Of course that does not help much with how much meat you will need to fill them.  But the "natural hog casings" in the link in the post above says it is for "up to 30 pounds of meat".  So if you have a whole package, there is your number.


----------



## smokinhusker (Oct 2, 2012)

Scott Edwards said:


> I got it figured out.  The labeling on the package doesn't match up front to back, but I figured out the casings are for 8 oz links.  Here's the link to the website, but from what I've seen, it doesn't have much information.
> 
> http://www.himtnjerky.com/sausage-acc.html


Is this the package? 













image.jpg



__ smokinhusker
__ Oct 2, 2012





  There website states one package (8 oz) will do approximately 30 lbs of meat.


----------



## linguica (Oct 2, 2012)

Just a question on the side: What is the shelf life of hog casings if resealed in in zip lock bags. I'm thinking if they are resealed in vac bags they might get "crushed".


----------



## scott edwards (Oct 2, 2012)

Yes, that looks like the package.  Thanks for all of the help.  I've got it figured out, now.  However, I don't believe I'm going to be making 30 lbs of sausage on my first run.


----------



## deuce (Oct 2, 2012)

Linguica said:


> Just a question on the side: What is the shelf life of hog casings if resealed in in zip lock bags. I'm thinking if they are resealed in vac bags they might get "crushed".


I just read yesterday they they can be repacked in non iodized salt and put in the refrigerator for up to a year. I tried to find the website I was on to refer you to, but my history got deleted with computer issues today.


----------



## shoneyboy (Oct 2, 2012)

Linguica said:


> Just a question on the side: What is the shelf life of hog casings if resealed in in zip lock bags.
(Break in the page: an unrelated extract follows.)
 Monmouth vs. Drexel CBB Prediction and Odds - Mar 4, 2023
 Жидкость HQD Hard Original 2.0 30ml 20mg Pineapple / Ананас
I'm thinking if they are resealed in vac bags they might get "crushed".


I seem to have read that as long they are salted and refrigerated/frozen they will last indefinitely......I have my doubts about that !! But I have my concerns when I see them out and unrefrigerated at some suppliers..... I understand that the salt will preserve them, but it's just kind of gives me concern when I see them hanging on a shelf next to batteries at a store......ShoneyBoy


----------



## smokinhusker (Oct 2, 2012)

I was able to purchase Dewied Brand locally - here's the info on them

http://www.askthemeatman.com/directions_on_natural_hog_casings_use.htm


----------



## linguica (Oct 2, 2012)

Shoneyboy said:


> I seem to have read that as long they are salted and refrigerated/frozen they will last indefinitely......I have my doubts about that !! But I have my concerns when I see them out and unrefrigerated at some suppliers..... I understand that the salt will preserve them, but it's just kind of gives me concern when I see them hanging on a shelf next to batteries at a store......ShoneyBoy


YES the reason I asked is that i found some in my house that where about 8-10 years old. It's a good thing i didn't do the stuffing yet cause they crumbled like an Egyptiam mummy.


----------



## smokinhusker (Oct 2, 2012)

Linguica said:


> Shoneyboy said:
> 
> 
> > I seem to have read that as long they are salted and refrigerated/frozen they will last indefinitely......I have my doubts about that !! But I have my concerns when I see them out and unrefrigerated at some suppliers..... I understand that the salt will preserve them, but it's just kind of gives me concern when I see them hanging on a shelf next to batteries at a store......ShoneyBoy
> ...


*Natural hog casings stay fresh up to 1 to 2 years in your refrigerator!!*


----------



## shoneyboy (Oct 3, 2012)

Here's what I found on the Sausage Maker web-site......

Hog Casings

*How do I prepare a salted hog or sheep casing for stuffing?*

Preparation should be completed as follows:

Unravel the casings into separate strings.
Rinse the salt from the casings with fresh water. When flushing the casings, the outside should be washed. This usually takes care of itself as the water is being flushed through the inside.
Store casings with ends hanging over the top in a covered container in the refrigerator overnight.
Prior to stuffing, place the casing into lukewarm tap water. This will allow the casing to slide more easily onto the stuffing tube.
Introduce a generous amount of water into the casings before placing it onto the stuffing nozzle.
Slide the casing over the nozzle.
During the course of stuffing, always try to keep the casing to the front of the nozzle where the meat is coming out. This helps eliminate air pockets and breakage.
*Why do my hog casings have a strong odor?*

Salted casings have a very long shelf life when stored properly. When refrigerated, packed liberally in purified salt, they have an indefinite shelf life. Un-refrigerated, these salted casings quickly begin to give off a strong odor even though they are not spoiled. Put them back under refrigeration and this odor for the most part subsides.

*Can leftover casings be reused?*

If you don't use all of the casings, they can be re-salted and kept in the refrigerator. Squeeze out as much water as possible. When fairly dry, sprinkle salt on the casings. DO NOT USE IODIZED SALT—PURIFIED SALT WOULD BE BEST.

*Why are my casings tough?*

By nature, natural casings can sometimes be tough. Rinsing and flushing (see above) help make a casing tender. However, here are some more suggestions from our sausage specialists:

When smoking sausage, do not put a stuffed sausage from the refrigerator into a hot smokehouse. The sausage should sit at room temperature for a couple of hours and then put into a warm smokehouse, gradually increasing the temperature until the desired smoking temperature is reached. Too much heat will almost guarantee that the casings will be tough.

Never put a sausage into boiling water. Instead, start cooking in cold water, bringing the temperature up gradually. The water should be brought to a boil and then simmered until the sausage is fully cooked.


----------



## diggingdogfarm (Oct 3, 2012)

Here's a chart that lists approximate casings capacities......







~Martin


----------



## shoneyboy (Oct 3, 2012)

DiggingDogFarm said:


> Here's a chart that lists approximate casings capacities......
> 
> 
> 
> ...


Some good information here......


----------



## jam030303 (Jan 17, 2014)

Thanks for the chart.


----------



## dee envy (Dec 13, 2018)

Great info,
The image is no longer there, Martin.
Is there a link to it?
P.S. I know this is an old thread.  ;)


----------